# ACTION ITEM
From the line containing "Arrow Board KMX" through the last line of the records below, each line is to be repeated exactly; pictures are to be omitted.

Records from a data source
+---+
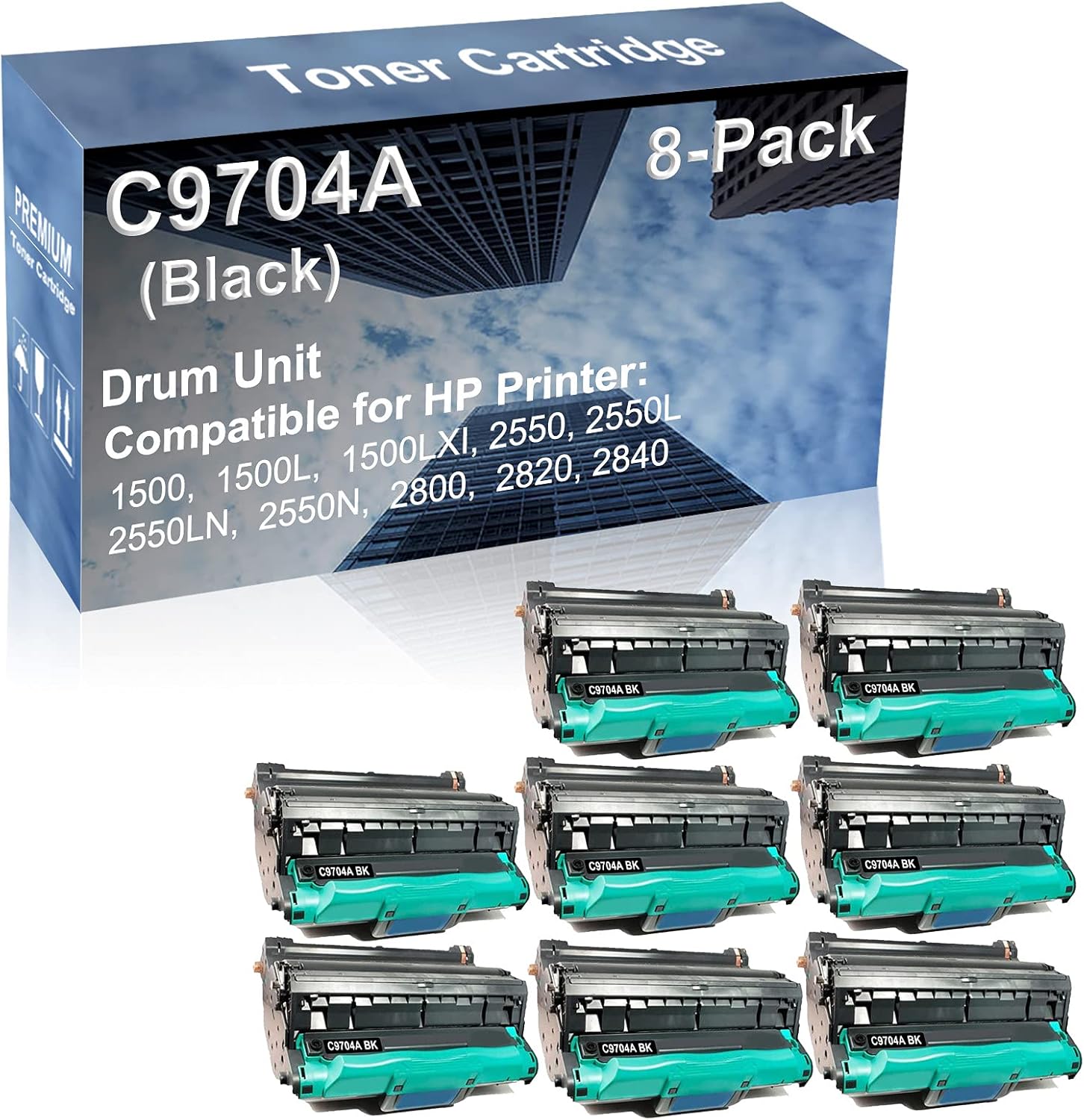 8-Pack Compatible C9704A Drum Kit use for 1500 1500L 1500LXI Printer (Black)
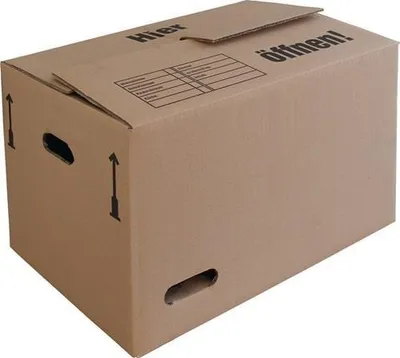 Produktbild von Umzugskarton Wellpappe L440xB340xH474mm zweiwellig braun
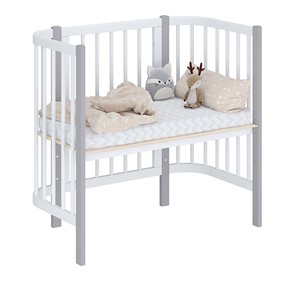 Приставная кровать POLINI Kids Simple 105 Белый / Серый в Салавате - предосмотр 1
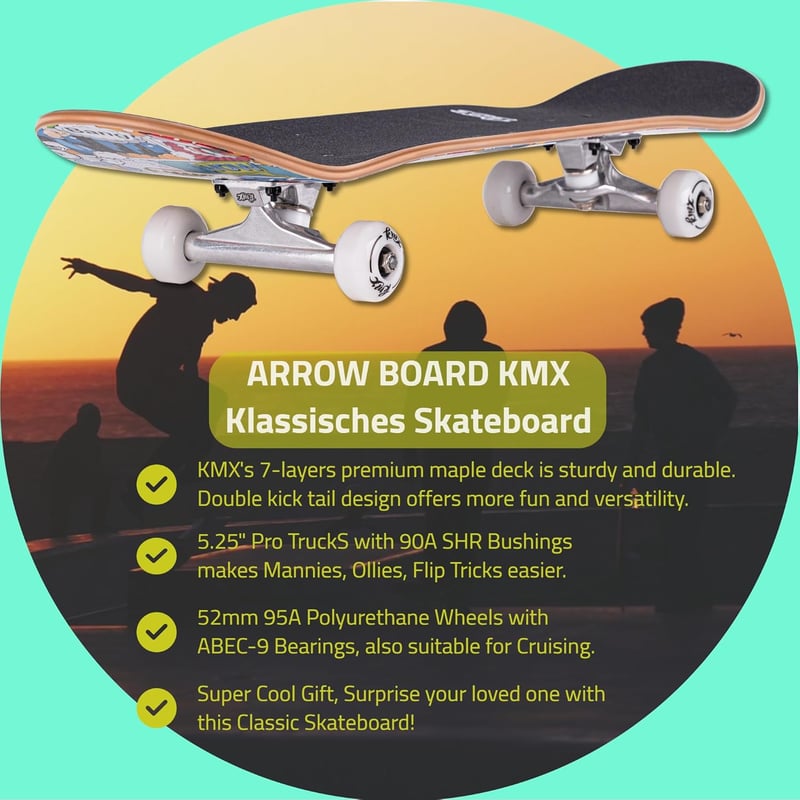 Arrow Board KMX Skateboard 22-31 inch Kezdőknek és Gyerekeknek Cruising Trükkök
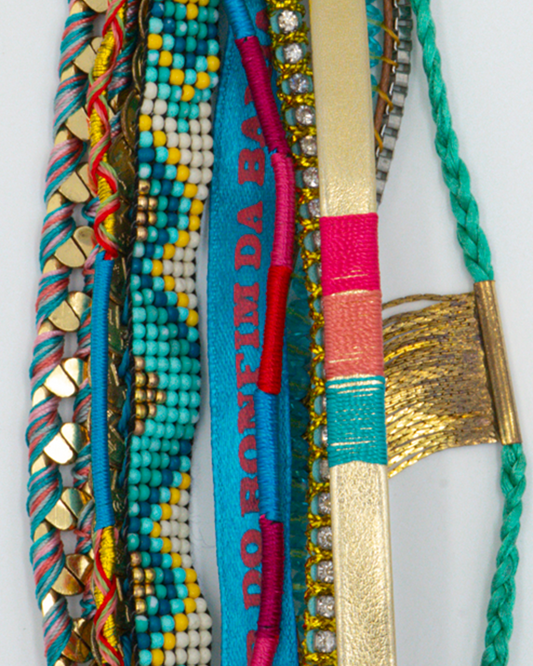 Mixed Bracelet with Gold Buckle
+---+
# REPLY
 Arrow Board KMX Skateboard 22-31 inch Kezdőknek és Gyerekeknek Cruising Trükkök
 Mixed Bracelet with Gold Buckle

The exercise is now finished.